These days it's hard to take your eyes off the volatile markets.  One metric that investment gurus use to argue whether the market is overvalued or undervalued is the P/E ratio.  There is a group of people who prefer to use Bob Shiller's 10-year PE to smooth out the noises of business cycles.  But none of these took into consideration of the demographic change the US is facing in coming decades when "baby boomers", born between 1946-1964, reach their retirement age, i.e., between 2011-2029.

Should we expect the same valuation as in previous decades?   The recent research from San Francisco Fed. offers us some insights:

To examine the historical relationship between demographic trends and stock prices, we consider a statistical model in which the equity price/earnings (P/E) ratio depends on a measure of age distribution (for another example, see Geanakoplos et al. 2004). We construct the P/E ratio based on the year-end level of the Standard & Poor’s 500 Index adjusted for inflation and average inflation-adjusted earnings over the past 12 months. We measure age distribution using the ratio of the middle-age cohort, age 40–49, to the old-age cohort, age 60–69. We call this the M/O ratio. 

Figure 1 displays the P/E and M/O ratios from 1954 to 2010. The two series appear to be highly correlated.

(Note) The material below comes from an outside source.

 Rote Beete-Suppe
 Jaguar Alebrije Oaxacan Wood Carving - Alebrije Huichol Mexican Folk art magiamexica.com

http://www.frbsf.org/publications/economics/letter/2011/el2011-26-1.png

Figure 2 compares the actual and model-implied P/E ratios for the sample period ending in 2010. We calculate the path for the model-implied P/E during the sample period by feeding in actual M/O ratios. We call the long-run path of the P/E ratio predicted by the model the “potential P/E ratio” and designate it P/E*. Figure 2 shows that the P/E* (red dashed line) is highly correlated with actual P/E during the sample period.